AİHM, başvuranın Terörle Mücadele Kanunu’nun 8 § 1. Maddesi kapsamında mahkum edilmesinin ve kendisine verilen cezanın, AİHS’nin 10. Maddesi’nde garanti altına alınmış ifade özgürlüğü hakkına müdahale teşkil ettiğini belirtir.

AİHM mevcut davadakine benzer sorunları inceleyen pek çok davayı incelemiş ve 10.

Madde’nin ihlal edildiği sonucuna varmıştır (bkz., özellikle izleyen davalar: Ceylan – Türkiye [BD], 23556/94; Öztürk; İbrahim Aksoy; Kızılyaprak – Türkiye, 27528/95 ve Han – Türkiye, 50997/99).

AİHM, başvuranın ifade özgürlüğüne müdahalenin kanunca öngörüldüğü – yukarıda sözü edilen Terörle Mücadele Kanunu’nun 8 § 1. Maddesi – ve 10 § 2. Madde’de belirtilen amaçlar doğrultusunda toprak bütünlüğünü korumak ve karmaşa ve suçu önlemek gibi meşru amaçlar güttüğü kanısındadır (bkz.
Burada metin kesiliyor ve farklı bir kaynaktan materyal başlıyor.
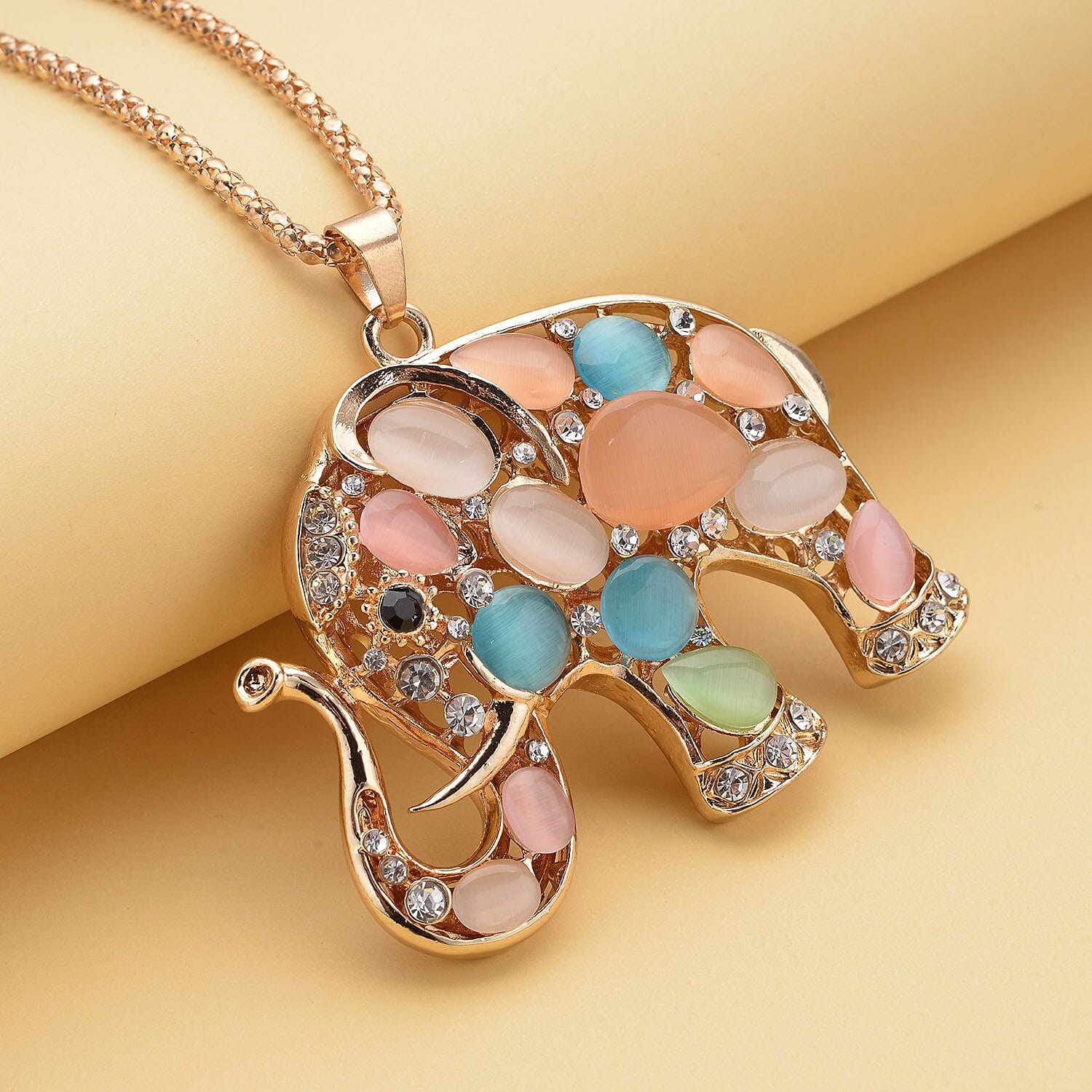 Black and White Austrian Crystal and Multi Color Simulated Cats Eye Elephant Pendant Necklace 28 Inches in Goldtone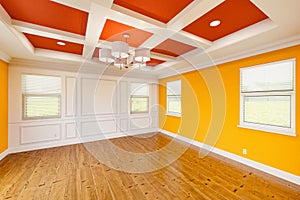 Bold Orange and Yellow Custom Master Bedroom Complete with Entire Wainscoting Wall, Fresh Paint, Crown and Base Molding, photo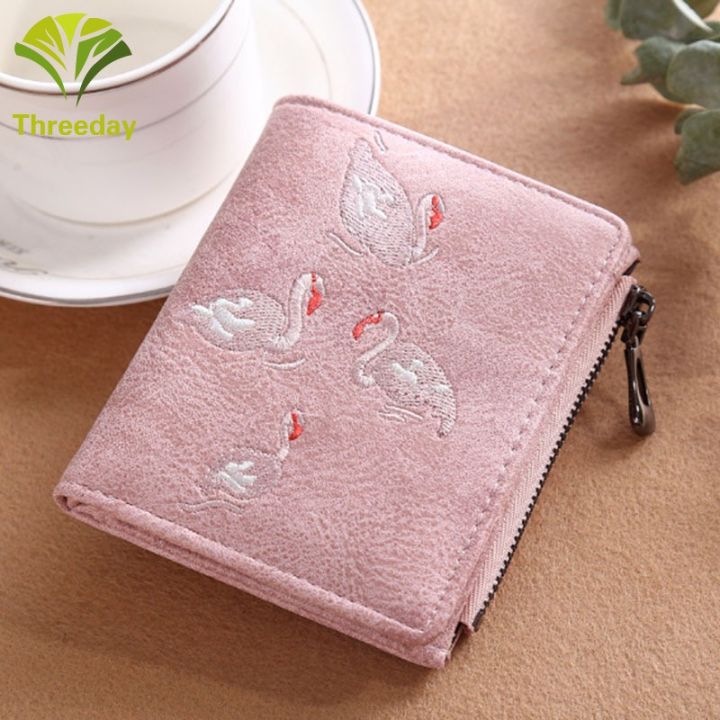 3d-women-short-wallet-pu-leather-cards-holder-swan-embroidery-coin-pocket-zipper-casual-purse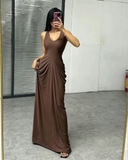 ĐẦM BODYCON DÁNG DÀI NHẤN EO LISA MÀU NÂU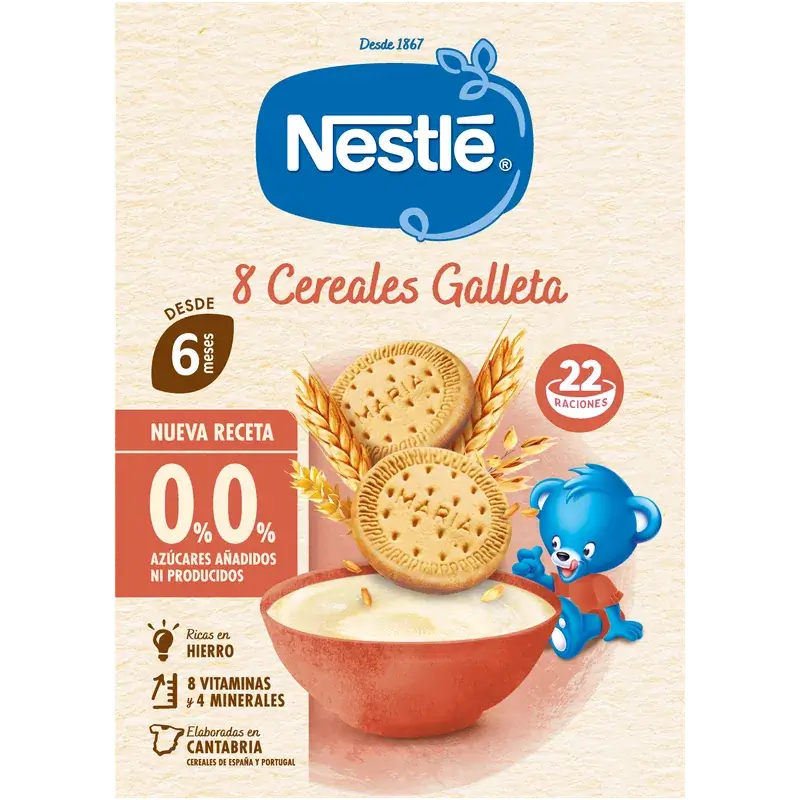 Nestlé 8-Grain Baby Porridge 0% Biscuit, 330g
Yağmurdereli – Türkiye, 29590/96). Bu nedenle AİHM, davanın incelenmesini, müdahalenin “demokratik bir toplumda gerekli” olup olmadığının sorgulanmasıyla sınırlandıracaktır.

Hükümet, AİHM’yi başvuranın makalesinde kullandığı sözcüklere ve makalenin yayınlandığı bağlama özellikle dikkat etmeye davet etmiştir. Hükümet, başvuranın Türk topraklarının bazı bölümlerinden “Kürdistan”, terör eylemlerinden ise “ulusal özgürlük mücadelesi” diye bahsettiğine işaret etmiştir. Hükümet’e göre, makale niteliği gereği tahrik edici unsurlar taşımaktadır, asılsız ve saldırgan yorumlarıyla okuyucuyu devlete karşı silahlı mücadeleye teşvik etmektedir. Makale, 1985 yılından bu yana güvenlik güçleriyle PKK2 üyeleri arasında büyük can kayıplarına yol açan ciddi çalkalanmaların yaşandığı Türkiye’nin güney doğusunda güvenlik durumu bağlamında yayınlanmıştır.

Hükümet ayrıca sözkonusu makalenin Türk toplumundaki çeşitli gruplar arasında nefreti tahrik ettiğini, böylelikle insan hakları ve demokrasiyi tehlikeye attığını belirtmiştir.

Başvuranın ayrılıkçı propagandası, toplumun, toprak bütünlüğü, ulusal birlik ve güvenlik ve suç ve karmaşanın önlenmesi gibi temel menfaatlerini tehdit etmiştir.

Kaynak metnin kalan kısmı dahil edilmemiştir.